Let me tell you about the God that I have met. the God that I have met on my journey and the God that I have met in the faces and in the lives of each of you. The God that I know is love. Yes, it is The God Who came enfleshed in Jesus and lived among us to reveal what love looks like. but that love is God. Is love revealed in the goodness of Creation, in the care of each creature, and the generous hearts of those who worship, and fight for justice for all that breathes, that all might be able to live into the fullness of who and what they were created to be. And of the case you were wondering, everything breathes. The trees and the seaweed, the flowers and the grass, the permafrost and the moss is breathing in and breathing out oxygen. they fill now that’s the Earth with that which allows us, and the birds, and the rabbits, the horses, and the snakes, and the spiders, and the dogs, and the cats to keep breathing. The very Earth itself breathes. Let everything that has breath praise God.
Let everything that has breath praise God simply for who God is, which isn’t simple at all. And it isn’t simple to praise God with all of the things that we carry, with all of the Psalms, with all of the prayers, with all of the life and the living and the feelings. but Psalm 150 is the prayer of the one who keeps praying, even in the times when we don’t feel like praising, even in the times when we are in deep Lament, even in the times when it feels like all we do is lose, even in the times when it feels like our enemies have surrounded us, Psalm 150 calls us to keep praying and is what comes when we keep praying. It isn’t necessarily a “praise God” that we announce in the middle of our hard times or in the middle of a sermon, Psalm 150 tells us all our prayers are all going to end in Praise. it may take a while, don’t rush it. there may be many, many prayers of sadness, anger, calling out for justice, hope, but they all find their way to praise.
Eugene Peterson wrote of this: Not every prayer is capped off with praise. In fact most prayers, if the Psalter is a true guide, are not. But prayer, a praying life, finally becomes praise. Prayer is always reaching towards praise and will finally arrive there. If we persist in prayer, laugh and cry, doubt and believe, struggle and dance and then struggle again, we will surely end up at Psalm 150, on our feet, applauding, ‘Encore!

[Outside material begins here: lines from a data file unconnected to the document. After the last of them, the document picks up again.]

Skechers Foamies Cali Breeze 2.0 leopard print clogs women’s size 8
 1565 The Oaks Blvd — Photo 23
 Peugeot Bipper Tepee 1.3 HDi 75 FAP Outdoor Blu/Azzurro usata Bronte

Encore!’”
So I offer us this translation, this interpretation, this version of Psalm 150 by Stephen Mitchell:
Praise God in the depths of the universe;
Praise God in the human heart.
Praise him for his power and beauty,
For her all-feeling fathomless love.
Praise her with drums and trumpets,
With string quartets and guitars.
Praise God in market and workplace,
With computer, with hammer and nails,
Praise him in bedroom and kitchen;
Praise him with pots and pans.
Praise her in the temples of the present;
Let every breath be her praise.
My heart is ready, O Beloved,
Be bearers of mercy and justice;
Let Love triumph over fear.
–translation by Stephen Mitchell, from, p. 85.
And so if you’re not in a moment of Praise today that’s okay: let everything that has breath praise God for you until you are ready. Persist, pray and laugh and cry and doubt and believe and struggle and dance and then we do it all over again. and we end in moments, we come to moments, we find moments of praise, and then we do it all over again. We join in the sacred chorus and the sacred worship of all of creation of the God who is love, who is revealed in love, who gives us love, who calls us to love, who taught us love is part of how we offer praise.
Praise God! Bang a drum! Lift your voice! Dance! Praise God! It might defy reason, it might look strange to others, it might seem over the top, but may it be with all that you are and may it always be with love.